* **Exercise instructions**: Could you output, word for word, only the lines from the line with "Hyundai H-1 II" to the end of the entries, including both ends? Omit the pictures.
________________________
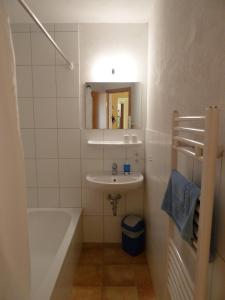 Ett badrum på Gasthof zum Hirsch
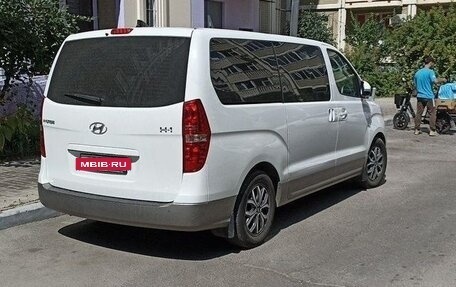 Hyundai H-1 II рестайлинг, 2018 год, 2 970 000 рублей, 6 фотография
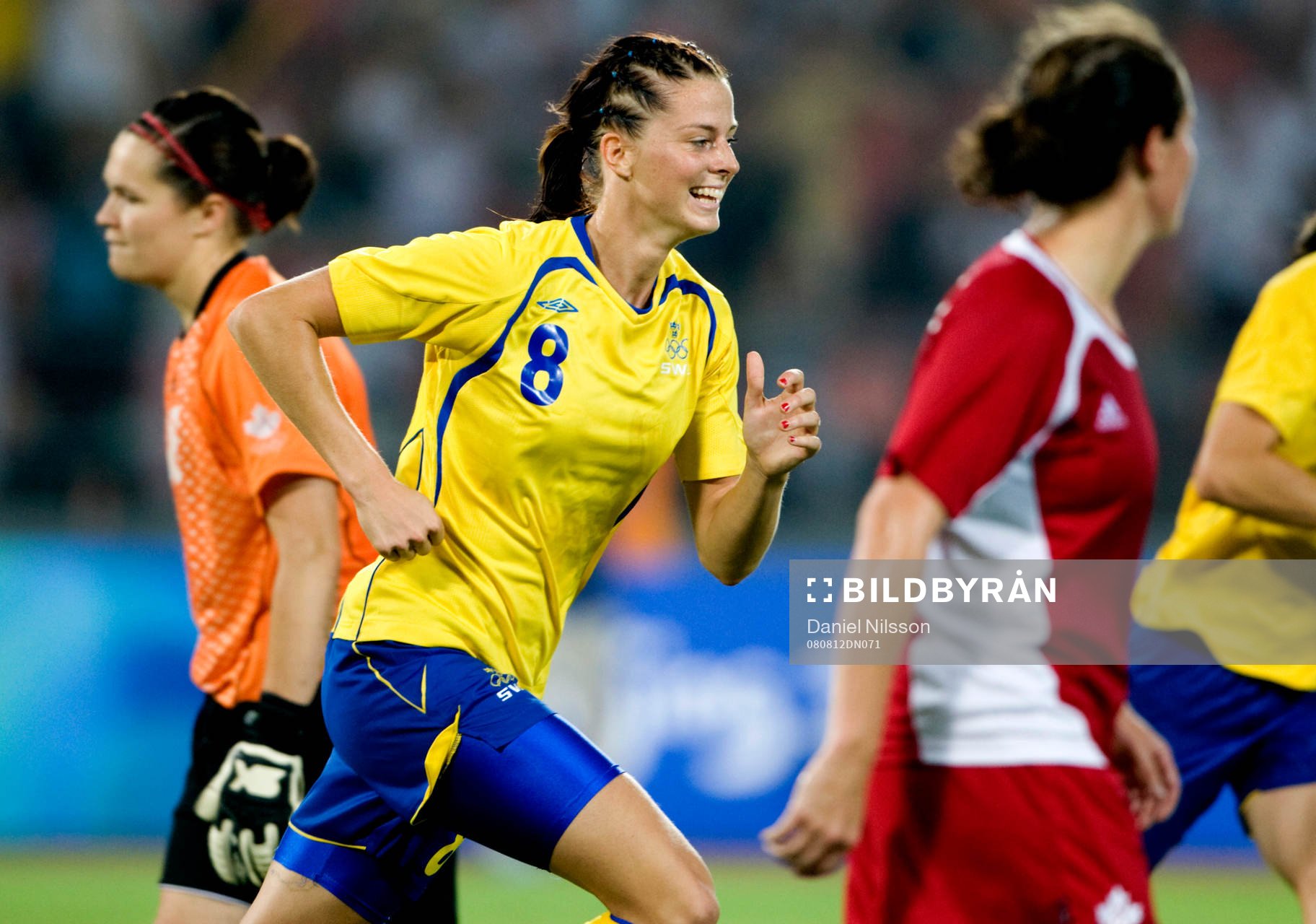 Lotta Schelin, Sverige gjorde 2-0 målet. Jubel. Depp av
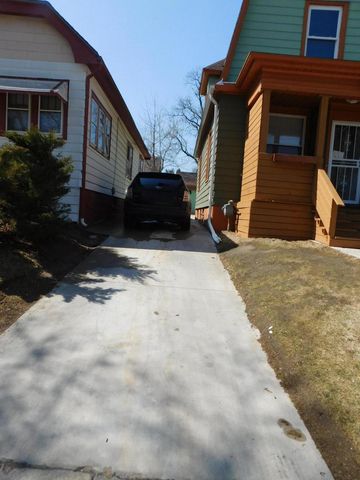 911 N 37th STREET, Milwaukee, WI 53208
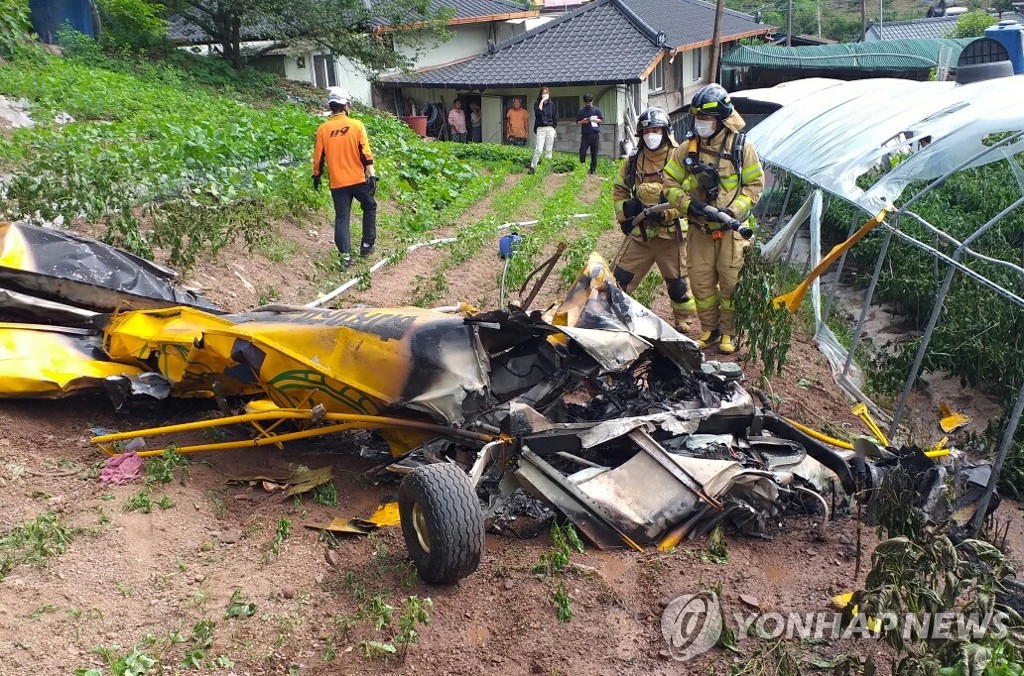 의령서 경비행기 민가 30ｍ 앞에 추락 '꽝'…2명 사망(종합)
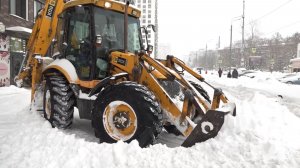В Мытищах продолжаются работы по уборке снега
________________________
* **Solution**:
 Hyundai H-1 II рестайлинг, 2018 год, 2 970 000 рублей, 6 фотография
 Lotta Schelin, Sverige gjorde 2-0 målet. Jubel. Depp av
 911 N 37th STREET, Milwaukee, WI 53208
 의령서 경비행기 민가 30ｍ 앞에 추락 '꽝'…2명 사망(종합)
В Мытищах продолжаются работы по уборке снега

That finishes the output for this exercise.